▶ **REQUIREMENT**
Nothing but the lines below from the one that contains "new 2025 Ram 1500 car, priced at $43,292" through the one that contains "Smútiaca rodina Sabacká" should be retyped, exactly and including both ends. Do not include pictures.

▶ **Crawled caption data**

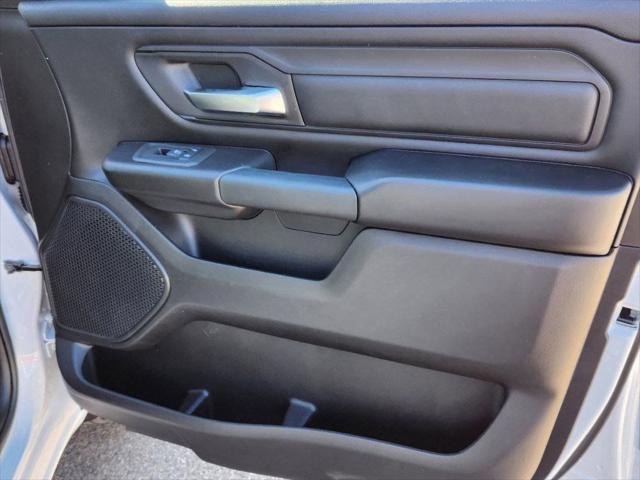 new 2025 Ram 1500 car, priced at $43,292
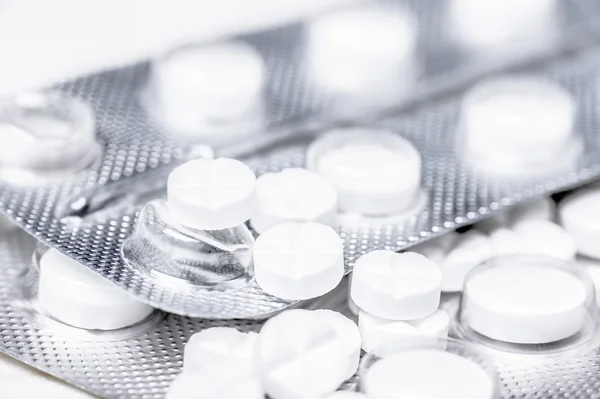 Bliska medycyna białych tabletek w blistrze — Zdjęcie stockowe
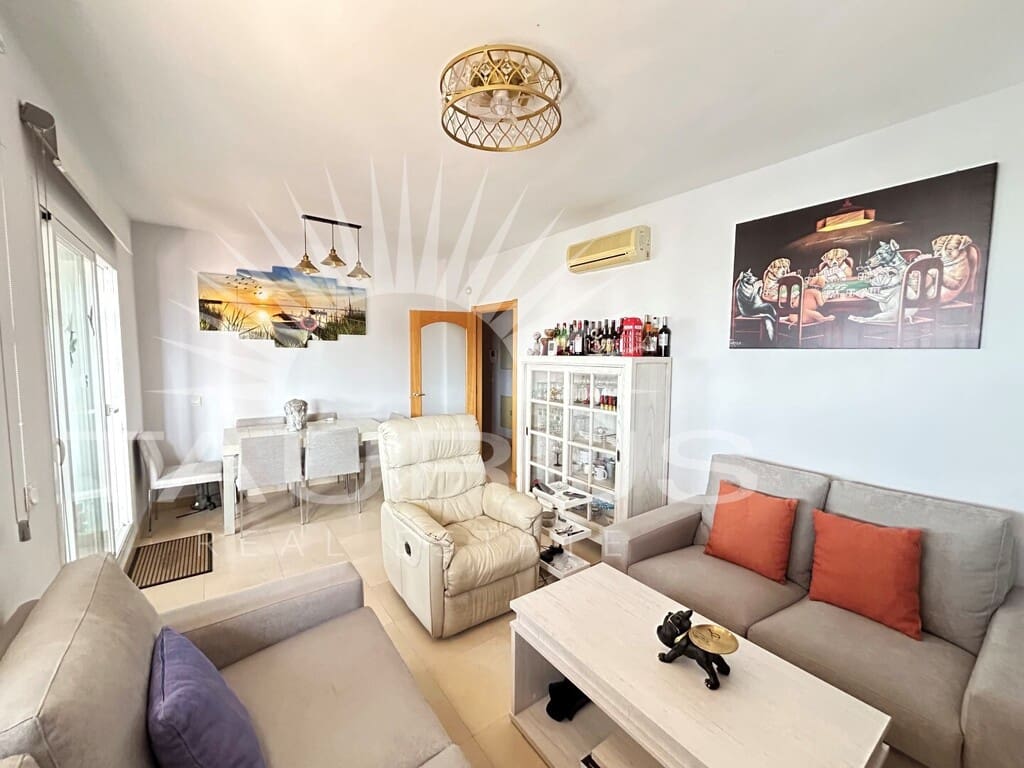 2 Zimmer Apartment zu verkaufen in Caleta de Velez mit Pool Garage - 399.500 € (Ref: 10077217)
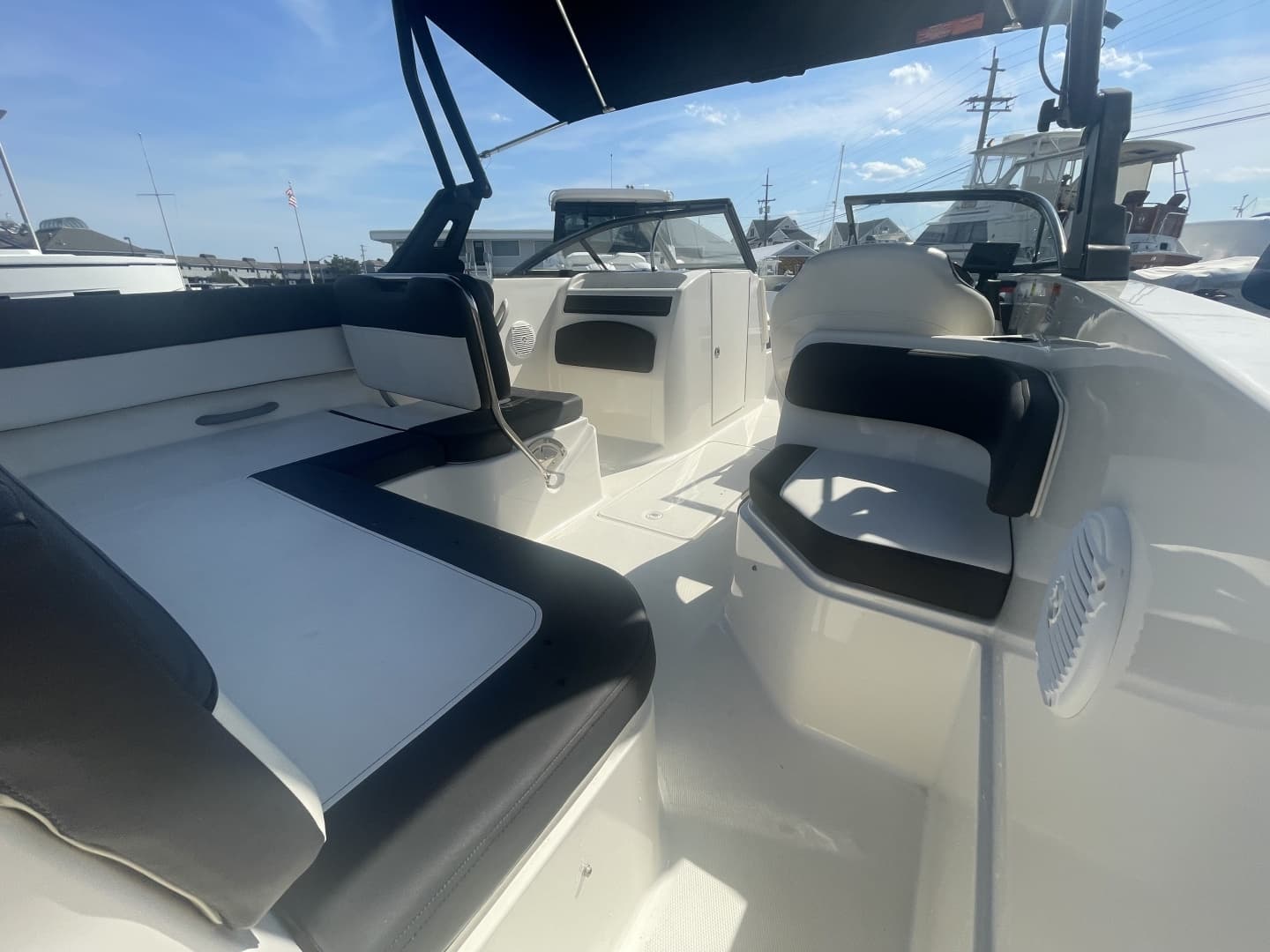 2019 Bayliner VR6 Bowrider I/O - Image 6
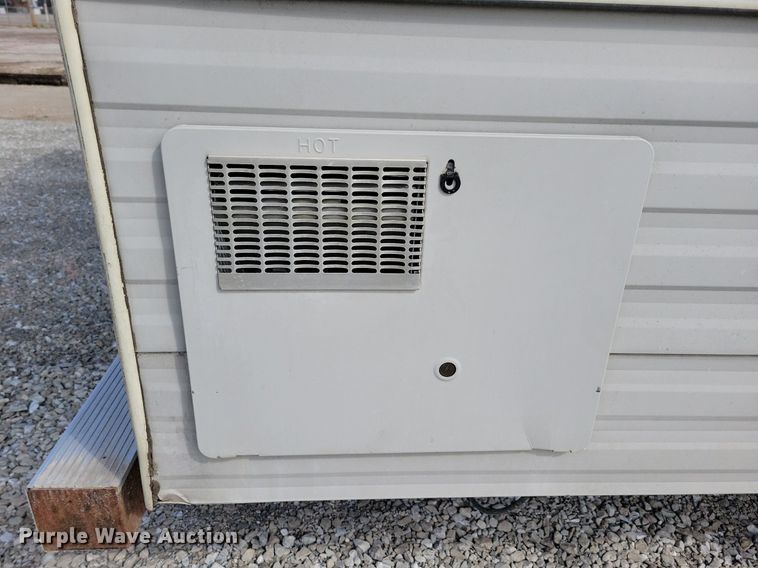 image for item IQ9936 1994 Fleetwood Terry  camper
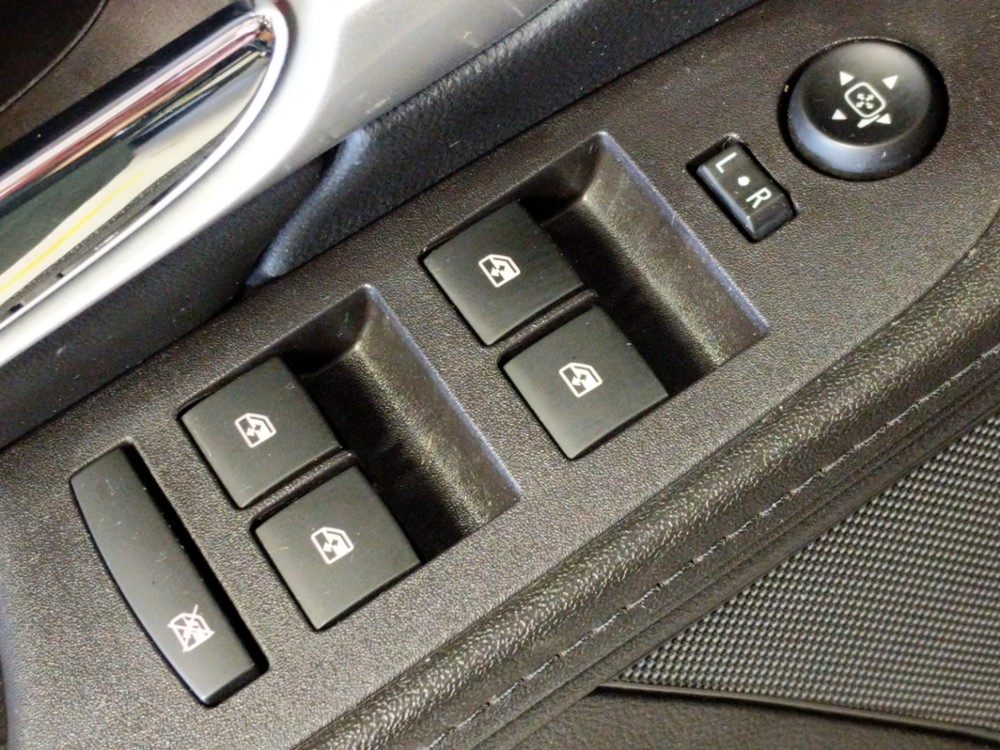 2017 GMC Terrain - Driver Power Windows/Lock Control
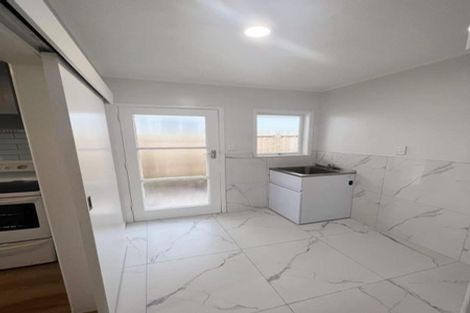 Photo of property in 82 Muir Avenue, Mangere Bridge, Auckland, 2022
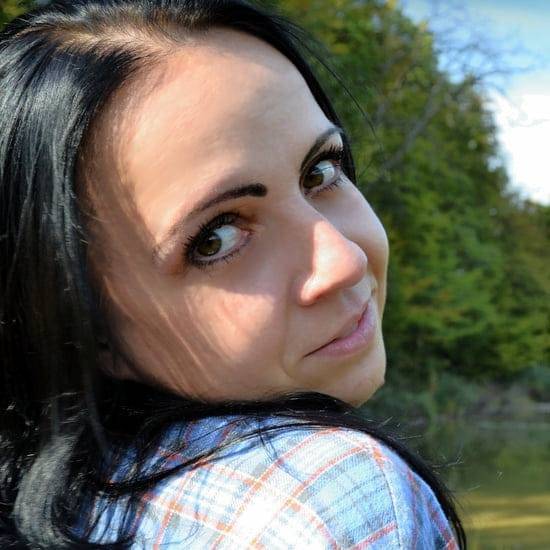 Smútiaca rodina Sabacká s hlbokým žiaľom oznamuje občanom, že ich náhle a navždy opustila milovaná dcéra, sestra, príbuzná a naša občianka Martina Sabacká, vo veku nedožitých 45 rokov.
* * *
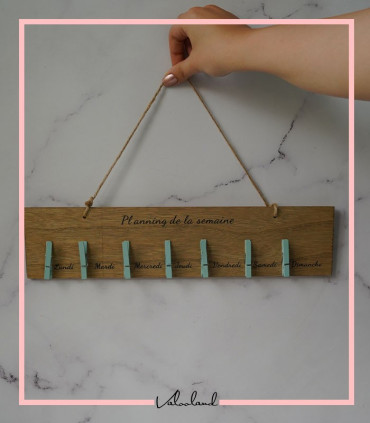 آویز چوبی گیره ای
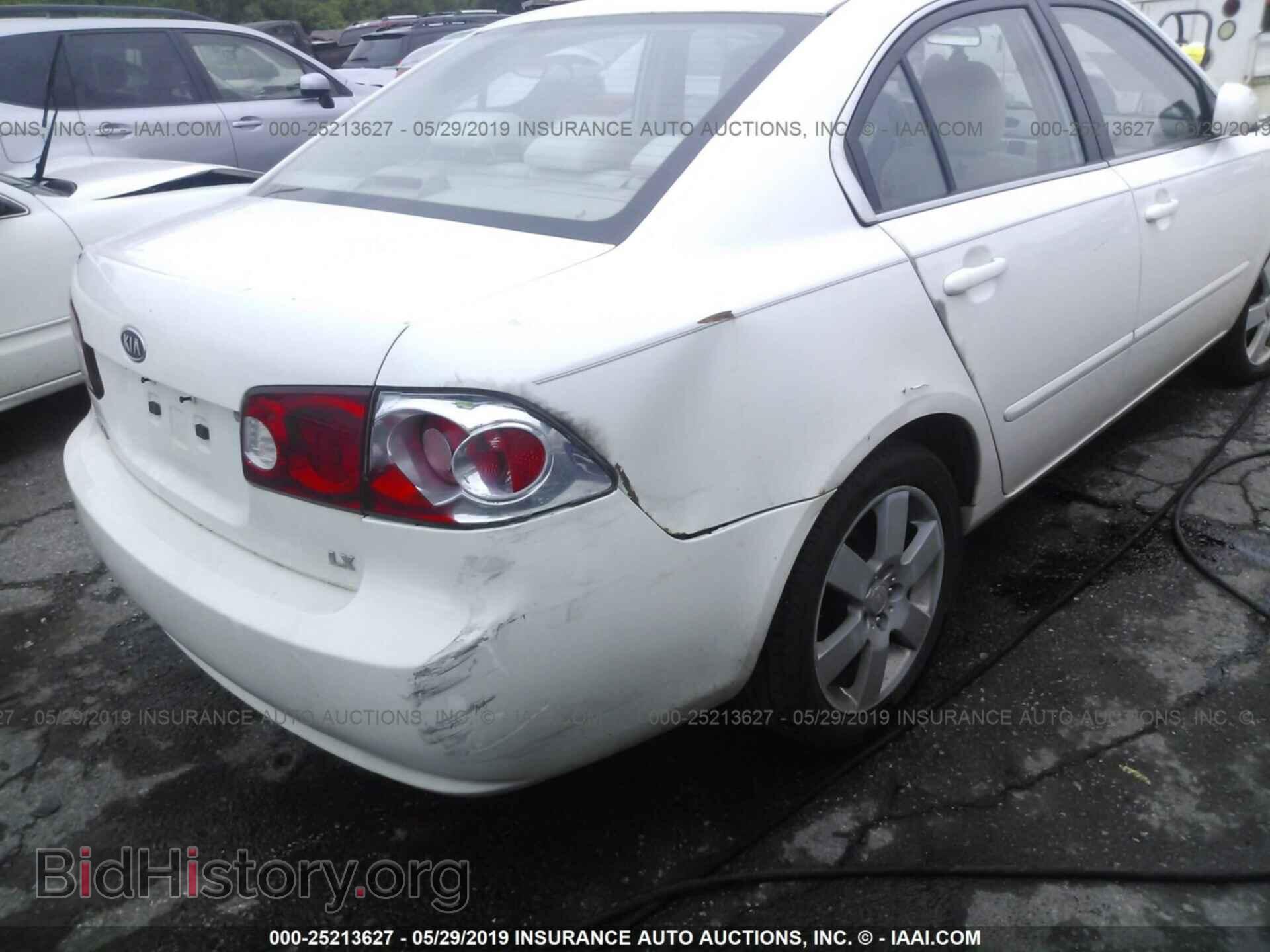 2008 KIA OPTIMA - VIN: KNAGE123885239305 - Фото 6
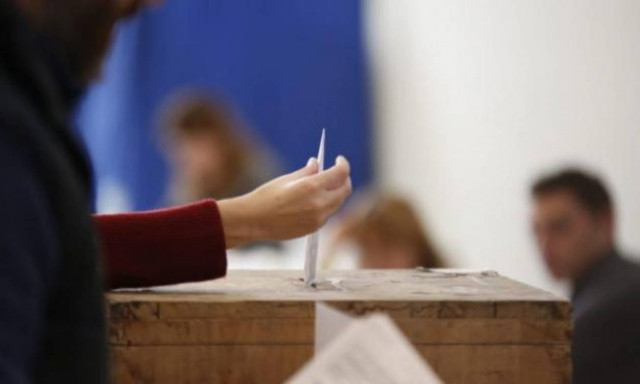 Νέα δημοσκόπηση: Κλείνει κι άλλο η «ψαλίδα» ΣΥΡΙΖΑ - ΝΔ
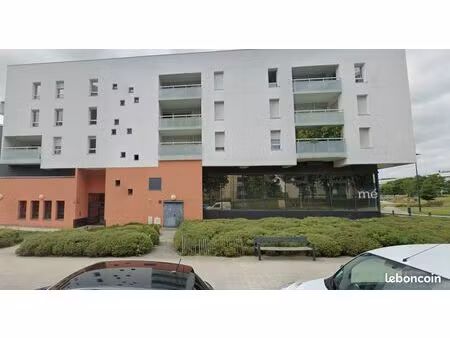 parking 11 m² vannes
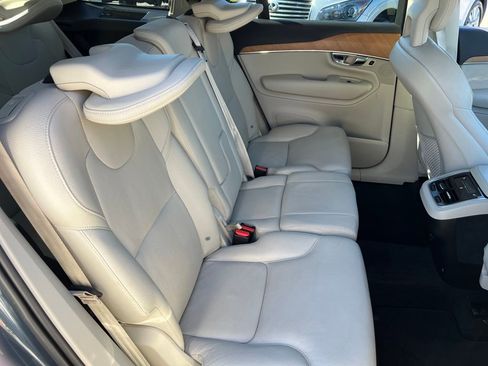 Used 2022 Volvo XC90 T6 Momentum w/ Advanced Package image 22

▶ **ANSWER BOX**
 new 2025 Ram 1500 car, priced at $43,292
 Bliska medycyna białych tabletek w blistrze — Zdjęcie stockowe
 2 Zimmer Apartment zu verkaufen in Caleta de Velez mit Pool Garage - 399.500 € (Ref: 10077217)
 2019 Bayliner VR6 Bowrider I/O - Image 6
 image for item IQ9936 1994 Fleetwood Terry  camper
 2017 GMC Terrain - Driver Power Windows/Lock Control
 Photo of property in 82 Muir Avenue, Mangere Bridge, Auckland, 2022
 Smútiaca rodina Sabacká s hlbokým žiaľom oznamuje občanom, že ich náhle a navždy opustila milovaná dcéra, sestra, príbuzná a naša občianka Martina Sabacká, vo veku nedožitých 45 rokov.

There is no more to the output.